Could you please output all of the data exactly, without the images?

____

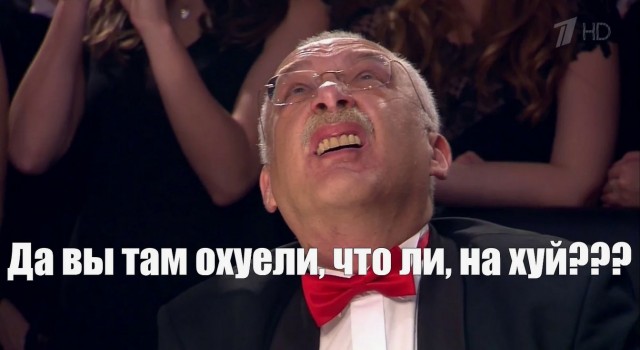 Нарядная новогодняя ёлка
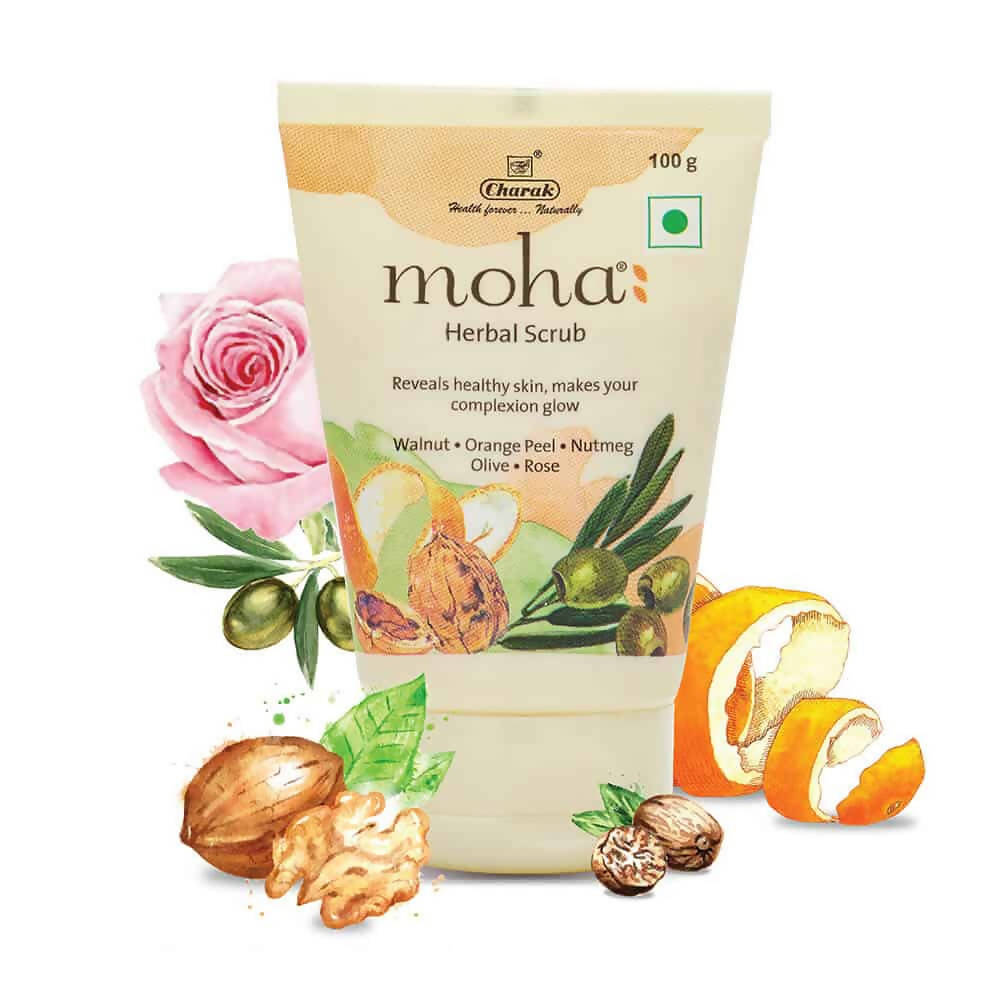 https://cdn.shopify.com/s/files/1/1857/6931/products/NsWCJ3gaki.jpg?v=1630671563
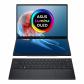 asus-zenbook-duo-oled-ux8406ma-pz271w-ordenador-portatil-14-3k-120hz-intel-core-ultra-9-185h-32gb-ram-2tb-ssd-arc-graphics-windows-11-home-gris-tintero-teclado-qwerty-espanol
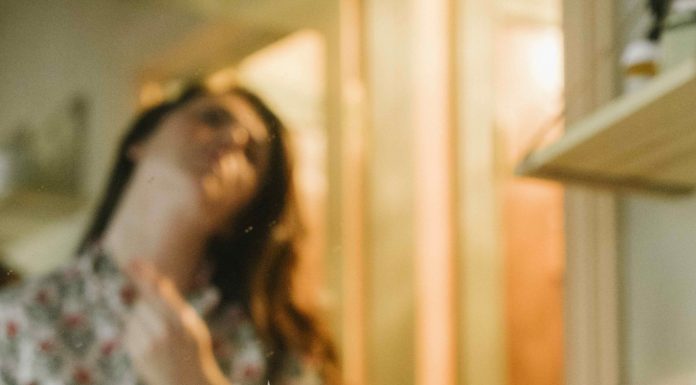 What You Wanted to Know About CBD but Were Afraid to Ask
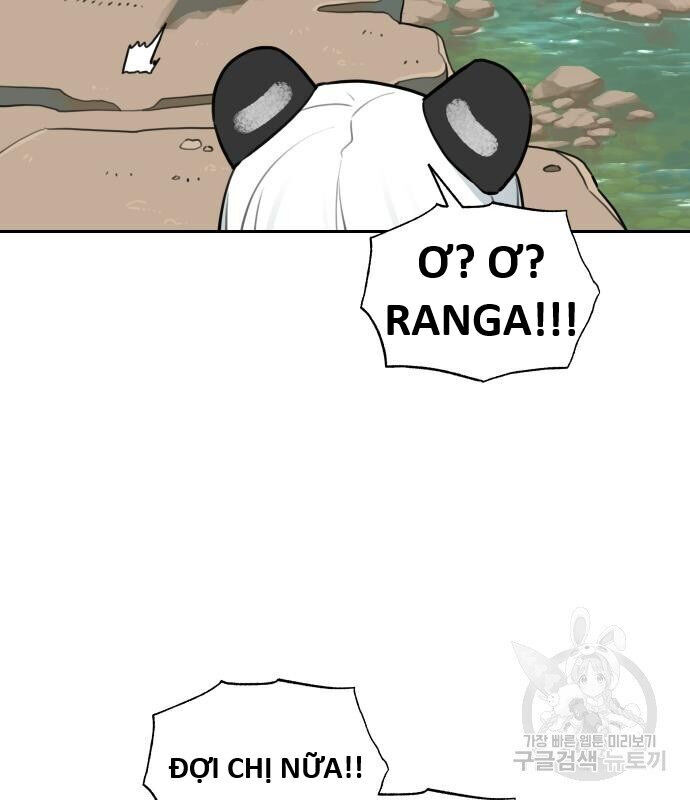 Hổ Đến Chơi Nhà Chapter 135 - 56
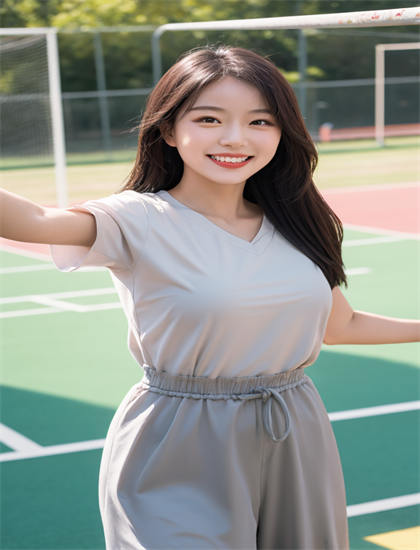 姐姐片多多免费高清电视剧大全五_拜金女郎在线观看_归路电视剧在线观看全集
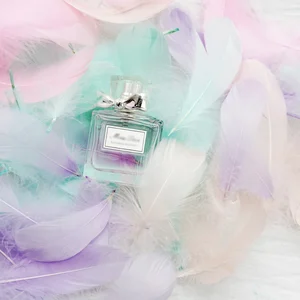 Высококачественное натуральное перо, разноцветные маленькие гусиные перья, 3-8 см, реквизит для фотосъемки, фон для самостоятельного украшения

____

» **OUTPUT OF THE TASK**:
 Нарядная новогодняя ёлка
 https://cdn.shopify.com/s/files/1/1857/6931/products/NsWCJ3gaki.jpg?v=1630671563
 asus-zenbook-duo-oled-ux8406ma-pz271w-ordenador-portatil-14-3k-120hz-intel-core-ultra-9-185h-32gb-ram-2tb-ssd-arc-graphics-windows-11-home-gris-tintero-teclado-qwerty-espanol
 What You Wanted to Know About CBD but Were Afraid to Ask
 Hổ Đến Chơi Nhà Chapter 135 - 56
 姐姐片多多免费高清电视剧大全五_拜金女郎在线观看_归路电视剧在线观看全集
 Высококачественное натуральное перо, разноцветные маленькие гусиные перья, 3-8 см, реквизит для фотосъемки, фон для самостоятельного украшения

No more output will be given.